§ Excerpted data:
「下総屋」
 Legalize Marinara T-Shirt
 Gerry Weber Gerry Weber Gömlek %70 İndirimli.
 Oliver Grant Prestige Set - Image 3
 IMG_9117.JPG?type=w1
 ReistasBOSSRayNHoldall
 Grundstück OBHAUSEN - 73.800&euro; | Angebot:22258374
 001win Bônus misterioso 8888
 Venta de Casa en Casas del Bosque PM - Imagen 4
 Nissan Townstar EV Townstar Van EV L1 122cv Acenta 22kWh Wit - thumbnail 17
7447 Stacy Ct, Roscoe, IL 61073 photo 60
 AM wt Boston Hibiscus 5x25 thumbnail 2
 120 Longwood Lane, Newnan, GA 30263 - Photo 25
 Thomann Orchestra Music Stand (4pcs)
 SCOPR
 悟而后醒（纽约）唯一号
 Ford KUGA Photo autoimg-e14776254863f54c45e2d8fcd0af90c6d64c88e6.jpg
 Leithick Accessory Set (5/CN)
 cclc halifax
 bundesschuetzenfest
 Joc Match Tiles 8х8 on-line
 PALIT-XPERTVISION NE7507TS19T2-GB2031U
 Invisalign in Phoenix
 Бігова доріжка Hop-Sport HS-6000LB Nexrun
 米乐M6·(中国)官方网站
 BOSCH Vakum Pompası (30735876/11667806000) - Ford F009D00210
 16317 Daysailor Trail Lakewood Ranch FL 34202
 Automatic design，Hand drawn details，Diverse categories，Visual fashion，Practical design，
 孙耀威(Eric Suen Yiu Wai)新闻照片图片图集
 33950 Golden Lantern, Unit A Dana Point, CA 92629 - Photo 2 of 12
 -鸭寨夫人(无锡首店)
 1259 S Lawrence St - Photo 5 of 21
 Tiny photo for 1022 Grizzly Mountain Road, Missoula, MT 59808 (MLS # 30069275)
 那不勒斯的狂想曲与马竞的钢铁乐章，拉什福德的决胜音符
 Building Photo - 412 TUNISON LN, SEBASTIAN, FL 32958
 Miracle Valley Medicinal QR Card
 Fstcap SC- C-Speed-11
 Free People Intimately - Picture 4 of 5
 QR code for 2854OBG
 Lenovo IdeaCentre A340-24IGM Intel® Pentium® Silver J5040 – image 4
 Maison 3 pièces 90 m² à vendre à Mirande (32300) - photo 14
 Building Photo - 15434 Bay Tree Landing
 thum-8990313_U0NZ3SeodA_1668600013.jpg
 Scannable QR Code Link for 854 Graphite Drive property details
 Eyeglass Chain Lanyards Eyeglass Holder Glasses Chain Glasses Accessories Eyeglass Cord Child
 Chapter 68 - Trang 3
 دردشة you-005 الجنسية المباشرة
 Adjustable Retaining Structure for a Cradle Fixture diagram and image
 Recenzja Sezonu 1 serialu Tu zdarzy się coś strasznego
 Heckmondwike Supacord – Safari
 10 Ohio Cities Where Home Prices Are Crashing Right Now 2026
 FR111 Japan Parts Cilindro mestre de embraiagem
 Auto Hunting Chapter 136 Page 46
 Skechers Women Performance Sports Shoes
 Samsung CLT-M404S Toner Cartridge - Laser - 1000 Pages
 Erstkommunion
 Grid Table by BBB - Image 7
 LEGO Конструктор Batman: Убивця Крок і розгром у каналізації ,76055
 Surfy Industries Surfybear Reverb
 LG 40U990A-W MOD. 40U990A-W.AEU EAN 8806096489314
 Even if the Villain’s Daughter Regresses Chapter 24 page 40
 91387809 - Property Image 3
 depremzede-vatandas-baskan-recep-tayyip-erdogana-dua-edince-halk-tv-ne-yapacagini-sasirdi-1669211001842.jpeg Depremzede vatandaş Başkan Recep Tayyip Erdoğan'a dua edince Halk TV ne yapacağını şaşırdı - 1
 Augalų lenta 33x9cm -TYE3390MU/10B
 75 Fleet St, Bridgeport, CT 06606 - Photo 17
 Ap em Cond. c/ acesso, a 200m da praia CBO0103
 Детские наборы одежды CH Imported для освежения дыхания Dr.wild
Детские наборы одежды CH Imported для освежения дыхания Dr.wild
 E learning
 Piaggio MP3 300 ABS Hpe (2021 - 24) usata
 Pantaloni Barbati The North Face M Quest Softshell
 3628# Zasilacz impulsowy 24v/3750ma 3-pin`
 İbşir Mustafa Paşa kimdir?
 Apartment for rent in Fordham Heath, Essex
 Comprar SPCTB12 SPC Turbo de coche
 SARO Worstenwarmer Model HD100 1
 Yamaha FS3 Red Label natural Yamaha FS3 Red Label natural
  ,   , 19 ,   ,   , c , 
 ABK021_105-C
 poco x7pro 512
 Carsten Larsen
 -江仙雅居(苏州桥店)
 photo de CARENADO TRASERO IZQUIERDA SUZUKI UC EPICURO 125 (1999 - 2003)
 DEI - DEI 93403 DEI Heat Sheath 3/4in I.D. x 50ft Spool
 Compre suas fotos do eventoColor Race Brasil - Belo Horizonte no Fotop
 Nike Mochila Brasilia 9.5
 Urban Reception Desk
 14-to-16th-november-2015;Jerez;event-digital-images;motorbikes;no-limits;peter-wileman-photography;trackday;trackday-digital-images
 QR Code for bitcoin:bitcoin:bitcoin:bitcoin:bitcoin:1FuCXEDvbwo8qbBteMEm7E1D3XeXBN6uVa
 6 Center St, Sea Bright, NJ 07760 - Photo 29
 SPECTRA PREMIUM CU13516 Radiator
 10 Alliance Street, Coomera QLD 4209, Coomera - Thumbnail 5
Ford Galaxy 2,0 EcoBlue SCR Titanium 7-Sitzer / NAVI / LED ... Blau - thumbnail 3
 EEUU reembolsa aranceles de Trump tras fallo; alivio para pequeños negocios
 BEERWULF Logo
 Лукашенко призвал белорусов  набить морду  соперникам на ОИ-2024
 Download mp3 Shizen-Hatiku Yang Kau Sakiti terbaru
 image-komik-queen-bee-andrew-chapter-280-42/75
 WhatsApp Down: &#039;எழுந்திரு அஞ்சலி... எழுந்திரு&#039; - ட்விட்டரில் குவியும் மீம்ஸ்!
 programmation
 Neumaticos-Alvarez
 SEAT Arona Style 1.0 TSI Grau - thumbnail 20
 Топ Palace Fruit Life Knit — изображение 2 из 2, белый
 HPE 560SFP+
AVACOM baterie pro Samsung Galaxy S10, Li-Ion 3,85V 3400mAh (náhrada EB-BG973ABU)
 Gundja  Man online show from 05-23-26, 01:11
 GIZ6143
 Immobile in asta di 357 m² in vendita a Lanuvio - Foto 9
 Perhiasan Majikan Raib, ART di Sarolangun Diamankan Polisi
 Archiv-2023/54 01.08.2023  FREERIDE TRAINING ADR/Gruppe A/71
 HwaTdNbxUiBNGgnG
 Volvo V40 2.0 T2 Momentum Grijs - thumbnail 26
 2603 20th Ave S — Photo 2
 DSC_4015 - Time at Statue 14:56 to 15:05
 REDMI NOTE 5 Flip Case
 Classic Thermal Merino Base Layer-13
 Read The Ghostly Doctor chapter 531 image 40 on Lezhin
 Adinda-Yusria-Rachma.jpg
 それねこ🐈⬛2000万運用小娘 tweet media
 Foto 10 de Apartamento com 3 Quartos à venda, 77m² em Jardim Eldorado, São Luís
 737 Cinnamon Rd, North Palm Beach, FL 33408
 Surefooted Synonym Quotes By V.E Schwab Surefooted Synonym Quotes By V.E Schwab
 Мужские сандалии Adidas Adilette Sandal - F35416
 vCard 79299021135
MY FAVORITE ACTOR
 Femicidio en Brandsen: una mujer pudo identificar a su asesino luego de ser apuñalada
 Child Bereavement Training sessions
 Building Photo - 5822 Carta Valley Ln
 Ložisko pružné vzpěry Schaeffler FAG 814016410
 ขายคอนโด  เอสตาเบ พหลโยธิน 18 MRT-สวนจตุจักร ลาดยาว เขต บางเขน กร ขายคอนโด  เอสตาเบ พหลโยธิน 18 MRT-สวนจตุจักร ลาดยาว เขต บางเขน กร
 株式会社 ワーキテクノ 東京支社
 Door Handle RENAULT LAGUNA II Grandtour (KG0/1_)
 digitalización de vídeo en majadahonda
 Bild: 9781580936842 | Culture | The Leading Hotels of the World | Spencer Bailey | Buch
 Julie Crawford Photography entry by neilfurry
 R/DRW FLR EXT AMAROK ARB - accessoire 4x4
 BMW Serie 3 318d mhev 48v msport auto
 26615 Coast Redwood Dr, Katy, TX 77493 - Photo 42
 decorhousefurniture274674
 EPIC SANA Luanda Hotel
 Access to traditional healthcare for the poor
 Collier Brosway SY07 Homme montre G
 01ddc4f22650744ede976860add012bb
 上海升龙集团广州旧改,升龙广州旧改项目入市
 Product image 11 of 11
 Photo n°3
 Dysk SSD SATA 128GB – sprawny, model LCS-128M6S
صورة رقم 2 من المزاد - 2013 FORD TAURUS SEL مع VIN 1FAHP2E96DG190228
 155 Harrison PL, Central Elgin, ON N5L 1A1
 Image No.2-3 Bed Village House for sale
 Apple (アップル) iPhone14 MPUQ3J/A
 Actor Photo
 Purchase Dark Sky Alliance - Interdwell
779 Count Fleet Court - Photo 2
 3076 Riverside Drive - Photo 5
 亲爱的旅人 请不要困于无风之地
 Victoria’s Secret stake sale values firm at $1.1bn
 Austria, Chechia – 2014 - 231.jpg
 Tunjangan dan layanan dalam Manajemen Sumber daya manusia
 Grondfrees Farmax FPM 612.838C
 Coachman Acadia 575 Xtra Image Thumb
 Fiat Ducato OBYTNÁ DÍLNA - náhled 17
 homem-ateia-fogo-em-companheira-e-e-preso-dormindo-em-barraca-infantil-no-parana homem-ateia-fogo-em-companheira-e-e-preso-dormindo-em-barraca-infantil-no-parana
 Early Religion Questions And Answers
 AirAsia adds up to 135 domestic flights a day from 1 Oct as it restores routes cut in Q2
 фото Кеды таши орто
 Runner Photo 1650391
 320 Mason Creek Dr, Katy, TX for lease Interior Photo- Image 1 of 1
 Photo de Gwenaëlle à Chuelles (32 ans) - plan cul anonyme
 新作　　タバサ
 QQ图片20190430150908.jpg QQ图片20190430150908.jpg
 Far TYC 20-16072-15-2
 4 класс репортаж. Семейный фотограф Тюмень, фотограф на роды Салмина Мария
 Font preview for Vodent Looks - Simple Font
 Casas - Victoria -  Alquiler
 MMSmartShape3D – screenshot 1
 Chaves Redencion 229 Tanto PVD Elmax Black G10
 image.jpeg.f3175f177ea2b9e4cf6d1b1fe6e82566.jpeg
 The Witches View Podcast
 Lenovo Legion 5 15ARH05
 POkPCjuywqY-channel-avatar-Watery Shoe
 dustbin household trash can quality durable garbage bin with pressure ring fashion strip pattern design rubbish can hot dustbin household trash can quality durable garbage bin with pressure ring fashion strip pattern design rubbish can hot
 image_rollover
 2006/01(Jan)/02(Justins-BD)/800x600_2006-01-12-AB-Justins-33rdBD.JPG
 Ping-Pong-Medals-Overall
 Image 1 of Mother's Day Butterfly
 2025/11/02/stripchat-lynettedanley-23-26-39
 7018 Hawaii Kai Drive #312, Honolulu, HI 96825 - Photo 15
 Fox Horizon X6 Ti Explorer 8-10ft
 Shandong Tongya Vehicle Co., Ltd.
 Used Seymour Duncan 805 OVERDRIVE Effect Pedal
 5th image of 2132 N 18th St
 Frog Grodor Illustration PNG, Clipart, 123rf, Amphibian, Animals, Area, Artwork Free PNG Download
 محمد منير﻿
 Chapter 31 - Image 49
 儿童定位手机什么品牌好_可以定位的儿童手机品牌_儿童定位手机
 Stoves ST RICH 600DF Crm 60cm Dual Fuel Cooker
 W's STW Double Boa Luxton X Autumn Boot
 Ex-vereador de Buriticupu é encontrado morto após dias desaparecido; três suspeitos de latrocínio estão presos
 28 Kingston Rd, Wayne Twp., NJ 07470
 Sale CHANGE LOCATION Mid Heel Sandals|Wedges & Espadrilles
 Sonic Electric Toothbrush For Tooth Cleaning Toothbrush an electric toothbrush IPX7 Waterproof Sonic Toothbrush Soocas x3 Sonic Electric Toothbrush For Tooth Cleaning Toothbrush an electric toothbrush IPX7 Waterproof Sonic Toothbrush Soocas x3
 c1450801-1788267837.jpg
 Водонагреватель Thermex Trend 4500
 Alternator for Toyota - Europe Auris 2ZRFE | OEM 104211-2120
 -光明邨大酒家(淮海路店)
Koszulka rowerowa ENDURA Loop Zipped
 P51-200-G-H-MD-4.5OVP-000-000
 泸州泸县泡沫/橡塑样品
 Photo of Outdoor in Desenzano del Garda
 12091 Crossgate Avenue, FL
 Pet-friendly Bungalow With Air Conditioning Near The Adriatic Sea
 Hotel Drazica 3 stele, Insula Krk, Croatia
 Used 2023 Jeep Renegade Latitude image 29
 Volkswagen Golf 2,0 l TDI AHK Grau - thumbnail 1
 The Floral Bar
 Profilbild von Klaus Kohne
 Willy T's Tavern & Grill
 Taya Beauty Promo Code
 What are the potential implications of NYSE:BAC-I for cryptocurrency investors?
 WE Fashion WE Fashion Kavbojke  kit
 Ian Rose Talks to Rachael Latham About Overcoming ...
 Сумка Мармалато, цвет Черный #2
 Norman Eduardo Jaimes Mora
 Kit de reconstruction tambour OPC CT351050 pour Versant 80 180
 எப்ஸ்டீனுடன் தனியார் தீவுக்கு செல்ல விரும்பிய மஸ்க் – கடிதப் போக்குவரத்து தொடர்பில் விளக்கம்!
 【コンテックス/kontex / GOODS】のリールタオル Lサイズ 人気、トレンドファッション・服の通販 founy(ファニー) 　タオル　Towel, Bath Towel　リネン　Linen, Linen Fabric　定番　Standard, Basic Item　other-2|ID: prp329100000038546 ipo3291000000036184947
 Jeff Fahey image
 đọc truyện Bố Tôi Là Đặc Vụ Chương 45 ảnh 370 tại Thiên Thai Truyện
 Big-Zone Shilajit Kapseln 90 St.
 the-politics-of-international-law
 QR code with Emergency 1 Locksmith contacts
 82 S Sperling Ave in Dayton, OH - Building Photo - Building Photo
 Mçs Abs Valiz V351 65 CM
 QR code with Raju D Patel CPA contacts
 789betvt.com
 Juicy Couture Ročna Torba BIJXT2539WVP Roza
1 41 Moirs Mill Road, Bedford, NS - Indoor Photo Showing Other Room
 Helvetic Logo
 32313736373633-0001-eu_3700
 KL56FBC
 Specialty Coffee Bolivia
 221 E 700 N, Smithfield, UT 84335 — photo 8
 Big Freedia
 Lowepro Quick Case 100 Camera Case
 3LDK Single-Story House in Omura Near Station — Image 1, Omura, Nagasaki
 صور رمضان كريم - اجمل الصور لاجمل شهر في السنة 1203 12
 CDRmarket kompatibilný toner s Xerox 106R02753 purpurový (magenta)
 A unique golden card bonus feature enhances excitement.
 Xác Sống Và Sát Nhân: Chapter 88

§ What is expected: Filter the material above down to the lines that hold the word "Used".

§ Solution:
 Used Seymour Duncan 805 OVERDRIVE Effect Pedal
 Used 2023 Jeep Renegade Latitude image 29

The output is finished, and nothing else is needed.